Professional translations | Tailor-made English language training

Like-Blog

Presenting you the most interesting translation solutions

Like-Blog

Why Like-Blog? Now, first of all, this blog is a blog that you should like (and read regularly) – at least, if you are interested in translation. Then, the topic discussed here is one in which the meaningful likeness between a text and its translation in the language pair English-German plays a key role. On this page, I will take a close look at some interesting translation solutions that I have come across in the course of my work as a translator and translation scholar.

A translation solution is only as good as the arguments that support it. This means that any translation criticism, whether positive or negative, needs to be justified. The quality of a translation solution shows only when we compare it to other possible translation solutions in a given translation situation. Therefore, a translation critic should not only say why a translation solution is bad, but also demonstrate what a better solution might look like. I will try to stick to these principles of translation criticism. So if you have any questions regarding my line of argument or if you disagree, please, let me know your opinion by phone at +49 4171 6086525 or by e-mail to bittner@businessenglish-hamburg.de. So much for the introduction. I hope you'll enjoy reading this blog!

If it were not for the context (July 2019)

Some seven or eight years ago, I came across the following sentence: At OLT we know that communication is crucial to the success and future growth of our business. When translating this sentence into German, the following solution seems to be obvious: Wir bei OLT wissen, dass Kommunikation für den Erfolg und das zukünftige Wachstum unseres Unternehmens von entscheidender Bedeutung ist. This solution would be a viable alternative if the English sentence had been taken from the introduction to a quarterly report. However, it was taken from the homepage of the website of an online translation agency. Against this backdrop, the translation needs to be improved in three respects.

Why improve the translation? After all, the German target text is a very precise rendering of the English source text.

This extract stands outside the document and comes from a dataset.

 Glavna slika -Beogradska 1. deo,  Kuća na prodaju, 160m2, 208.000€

And, what is more, the German is perfectly idiomatic. This is true – however, the first criterion is irrelevant and the second insufficient. This is so, because the homepage of the website of an online translation agency, first and foremost, serves promotional purposes: it wants to address readers as prospective clients. Whether or not the German version agrees with the English version is totally irrelevant to the reader. What is important, though, is that the translation capture the promotional purpose of the homepage in the best possible way, presenting to the reader what he or she would have expected.

You may have noticed that, in the above example, the original is not as good as it should have been. The biggest blunder occurs at the end of the sentence, with a small typo wreaking havoc on the overall meaning. In the introductory sentence of the homepage, not the company owning the website (OLT) but the prospective client should be the focus of attention: instead of “our business” it should be “your business”. The main clause (“At OLT we know”), while also featuring an inappropriate emphasis on OLT, is altogether redundant: what OLT know will easily be recognised by the fact that it shows in writing on OLT's homepage. Finally, promotional texts should state what they state in a straightforward and concise manner. In the given context, there is no need for the adjective “future”.

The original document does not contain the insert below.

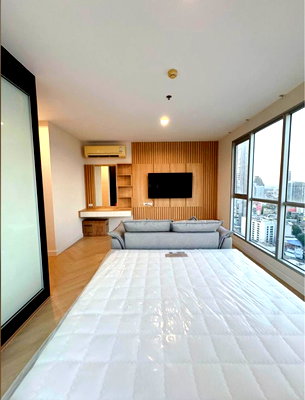 คอนโดให้เช่า :  Life@ ลาดพร้าว18. 2นอน 70ตร.ม. Line id: @pfagent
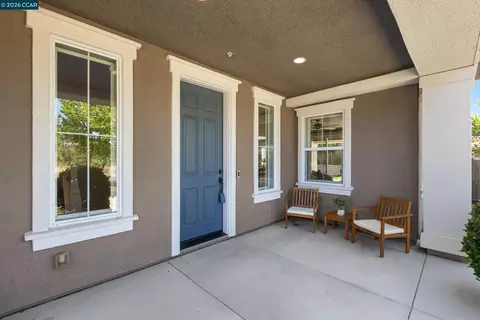 Exterior - 19221 Eagle View Dr, Morgan Hill, CA 95037 photo 4 of 8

Considering these arguments, the source text might run: Communication is crucial for the success and growth of your business. This sentence could then be translated into German as follows: Kommunikation ist für den Erfolg und das Wachstum Ihres Unternehmens von entscheidender Bedeutung. Yet, may a translator simply ignore the literal meaning of the original and come up with a different target text? Well, a good translator may not only do so but should do so. For, in this case, the text of the original is at odds with its promotional purpose; with the improved rendering, the translator merely readjusts the focus of the text. Of course, the translator will inform the client of the translation procedure, pointing out the various problems in the source text. The client will be grateful.

That was it for this month.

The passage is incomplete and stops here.